Umberto Eco on Interpretation

Philosophy and Literature 16 (1992): 432-37.

Denis Dutton

Interpretation and Overinterpretation (Cambridge University Press, $39.95 hardbound, $11.95 paper) presents three lectures by Umberto Eco, with responses by Richard Rorty, Jonathan Culler, and Christine Brooke-Rose, a final rejoinder by Eco, and a general introduction by Stefan Collini. The occasion was the Clare Hall Tanner Lectures, and they apparently packed out one of the biggest auditoriums at Cambridge University in 1990. There was more debate, including Frank Kermode, Malcolm Bradbury, and David Lodge, than is included here, and one imagines it was an exciting occasion.

Eco begins be identifying what he calls the hermetic tradition in interpretation. The Caliph who ordered the burning of the Library at Alexandria, he says, did so because he knew the truth of the Koran, but it’s different with second-century hermeticism, which searches for a truth it does not know. Since the books in which it hopes to find the truth contradict each other, truth will be seen mysteriously to reveal itself in allusion and allegory. “Secret knowledge,” he says, “is deep knowledge” for the hermeticist: truth must be probed for beneath the surface of the text. The Heideggerian overtones are not lost on Eco: “The gods speak (today we would say: the Being is speaking) through hieroglyphic and enigmatic messages.” We have been living with knowledge since the beginning of time, but we have forgotten it.

Umberto Eco
The result of the hermetic outlook is that “interpretation is indefinite,” and that we must accept “a never-ending drift or sliding of meaning.” On the one hand all phenomena become linguistic, while on the other language itself loses its communicative ability. Every revelation yields to yet another secret, ad infinitum. There would be no final secret, it might be said, were it not for hermeticism’s cousin, gnosticism, who much enjoys a good secret, or at least acts like there is one. This is a gnostic power play, familiar to Marxists (mentioned by Eco) and the deconstructionists (whom he politely ignores): whatever is mysterious (the dialectic of history, the myth of presence, you name it) and cloaked in jargon, must be very important, indeed essential. Best of all, only initiates can understand it.
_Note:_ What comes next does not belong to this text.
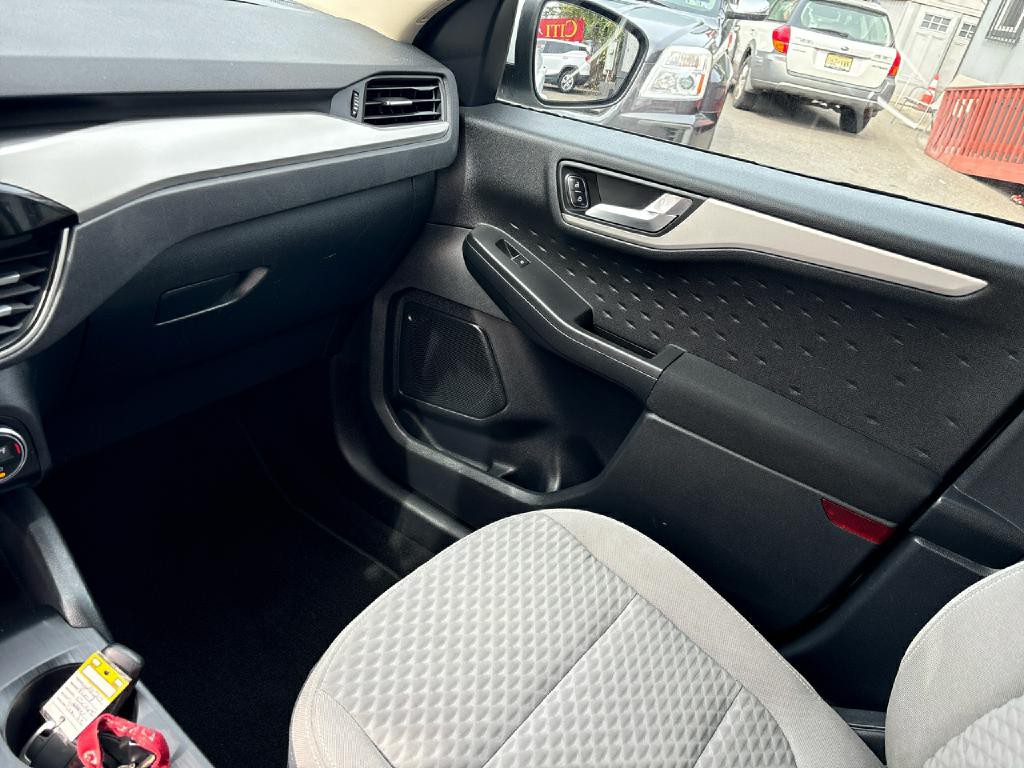 2020 Ford Escape Image 13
Eco then summarizes the main tenets of contemporary hermeticism: infinite interconnections of an open-ended text/universe; no pre-existing meaning for language to grasp; being-in-the-world nothing more than our inability to find transcendental meaning; any text pretending to assert something univocal “the work of a muddle-headed Demiurge”; every line of text conceals another secret (suppressed, etc.) meaning; words don’t say, they hide; the “Real Reader is the one who understands that the secret of a text is its emptiness.” Eco courteously calls this “a caricature” of radical reader-response theories, but it seems pretty accurate to me.

His counter-attack begins by asking if there isn’t something out there someplace that might limit interpretation. He takes a 1641 text about an American Indian slave who is called upon to deliver a basket of thirty figs. After bending his interpretation and suggesting the sorts of complications on how this text might be construed, Eco concludes that there remains a final, un-get-aroundable, bedrock fact: the story says that there was once a basket of figs: “No reader-oriented theory can avoid such a constraint.” There is something — a text — that must be respected.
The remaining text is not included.